あまりにも、圧倒的な力の差だった。ガルドも、リリアーナも、指一本触れることさえできずに倒された。クライヴは、その光景をただ呆然と見つめることしかできない。「さて、クライヴ。これで邪魔者はいなくなった。ゆっくりと話をしようじゃないか」。ゼルギウスは、絶望に染まるクライヴの顔を、心底楽しそうに眺めていた。
「なぜ……なぜこんなことを……」。クライヴの口から、か細い声が漏れた。ゼルギウスは、その問いに心底愉快そうに答える。「決まっているだろう。世界を、より混沌とした、美しい場所にするためさ。そして、そのためには、お前のその最高傑作が必要なのだよ」。彼の視線が、クライヴの腰にある『無銘ノ剣』に向けられる。

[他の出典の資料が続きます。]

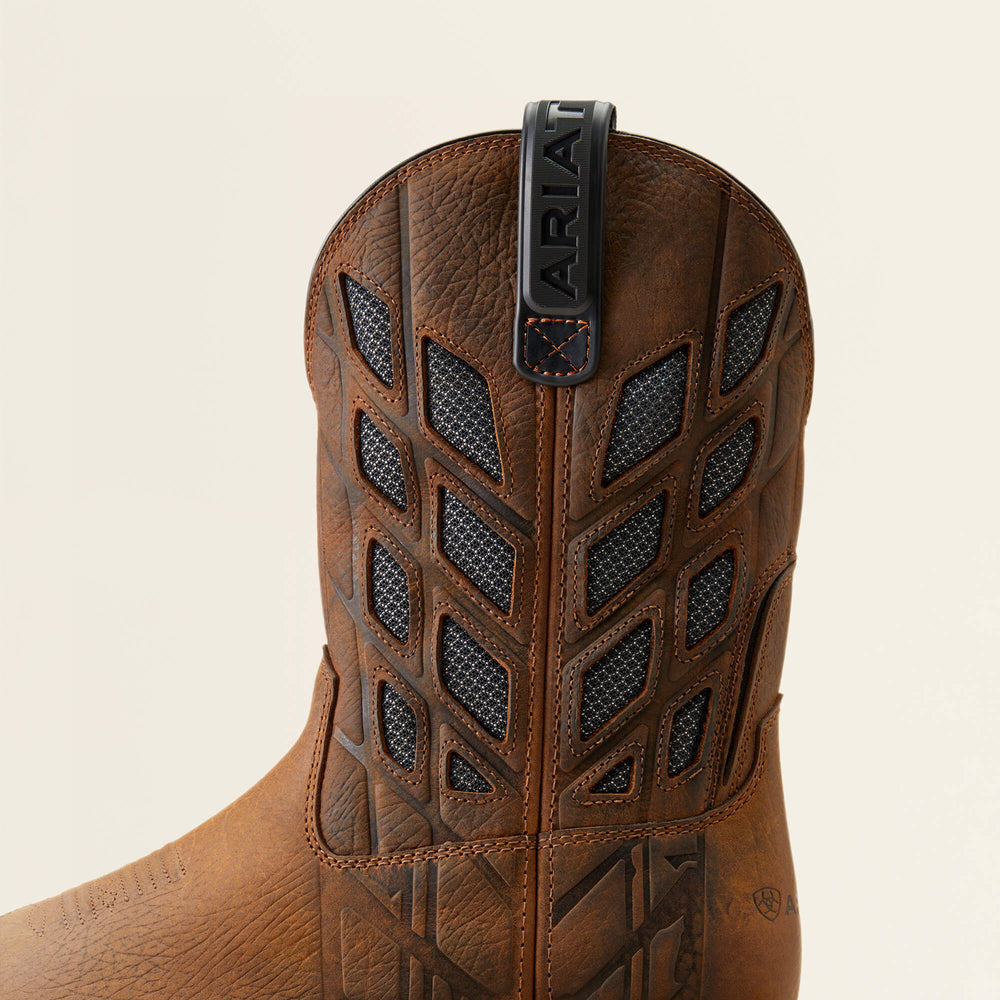 Big Rig Tread VentTEK Work Boot-Ariat
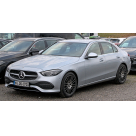 Решетка радиатора Mercedes C-Class W206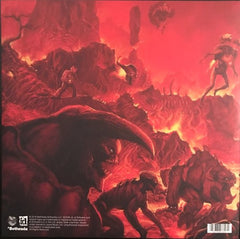 Doom: Original Game Soundtrack [Audio Vinyl] Audio CD/Vinyl Laced Records   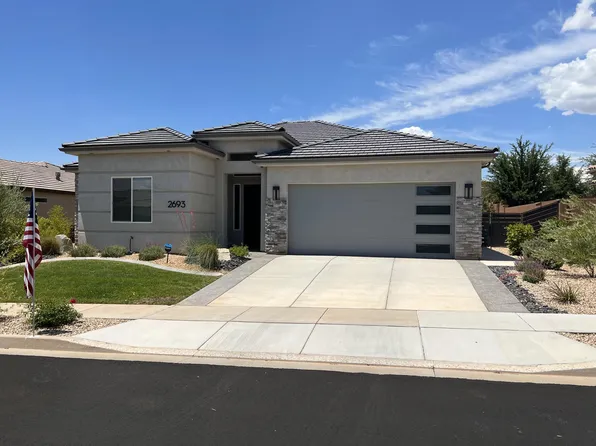2693 Bella Sol Dr, Santa Clara, UT 84765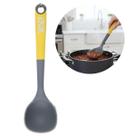Concha Caldos Sopas Cozinha Silicone e Polibutileno Apoio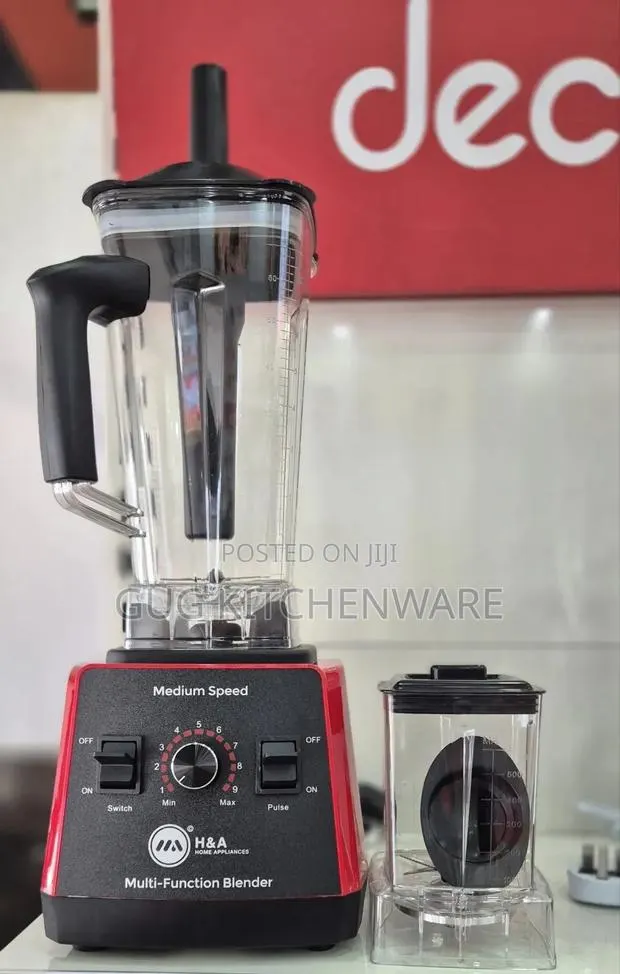 H a Powerful Blender · Photo 1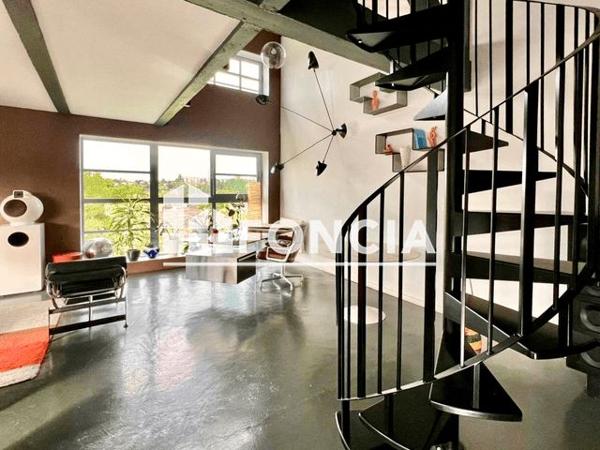 À vendre Appartement 4 pièces 159 m² - Poitiers 86000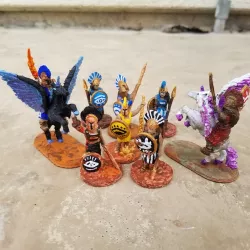Amazon Pegasus Cavalry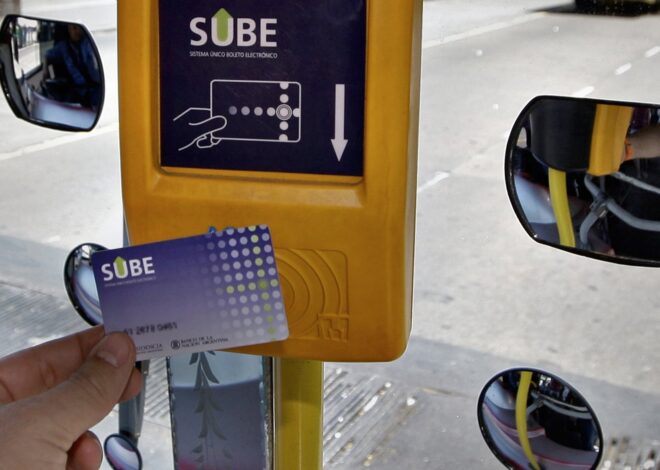 Qué pasa con el precio del boleto y la tarjeta SUBE tras la quita de subsidios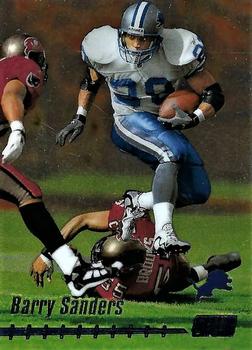 Barry Sanders
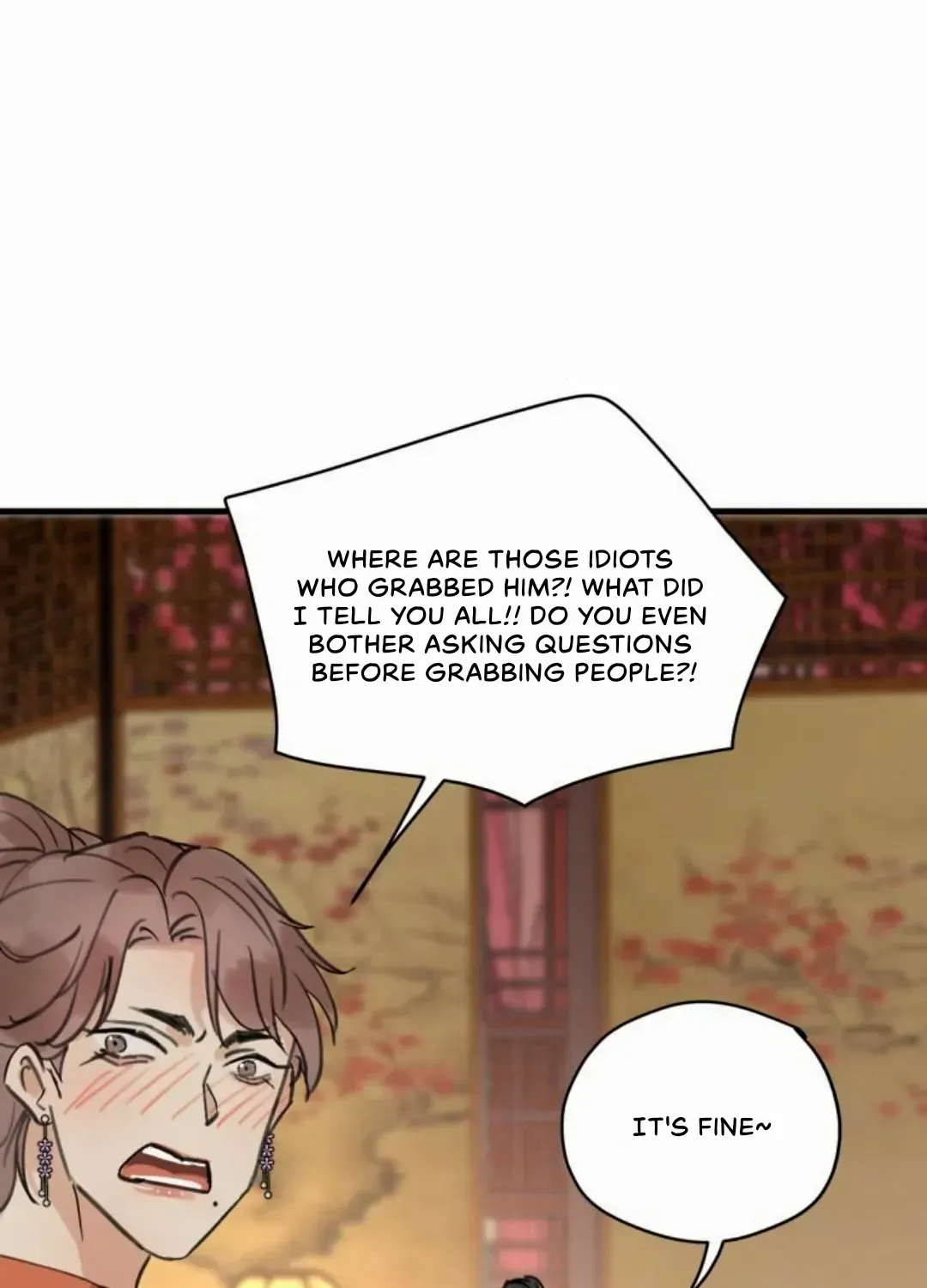 What kind of rubbish are you cultivating? Chapter 38 page 14 -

「私が各地に武器をばら撒いたのは、いわば余興にすぎん。私の真の狙いは、最初からそれ一つだけだ」。ゼルギウスは恍惚とした表情で語る。「絶対に折れず、欠けず、あらゆる攻撃を無効化する剣。それこそが、私の理想の世界を創るための、最後の鍵なのだよ」。クライヴは、ようやく彼の真意を理解した。
この男は、他の武器などどうでもよかったのだ。ただ、クライヴの魂そのものである『無銘ノ剣』だけを、手に入れるために。そのためにアレンを操り、リリアーナを苦しめ、世界を混乱させてきた。そのあまりにも身勝手で、悪辣な事実に、クライヴの心は怒りを通り越して、冷たい虚無に沈んでいった。
「さあ、それをこちらへ渡せ、クライヴ」。ゼルギウスが、ゆっくりと手を差し出す。「お前が素直に渡せば、仲間たちの命だけは助けてやってもいい」。それは、悪魔の囁きだった。だが、今のクライヴには、もはや抵抗する気力すら残されていない。仲間を倒され、希望を砕かれ、彼の心は完全に折れていた。
クライヴは、震える手で『無銘ノ剣』の柄に手をかけた。もう、どうでもよかった。自分のせいで、これ以上誰も傷ついてほしくない。彼が剣を抜こうとした、その時だった。「……諦めるな……クライヴ」。瓦礫の中から、血だらけのガルドが、かろうじて身を起こした。「……お前は、一人じゃない……」。リリアーナもまた、影の拘束に抗いながら、必死に声を振り絞っていた。最終決戦の幕が、今、静かに上がろうとしていた。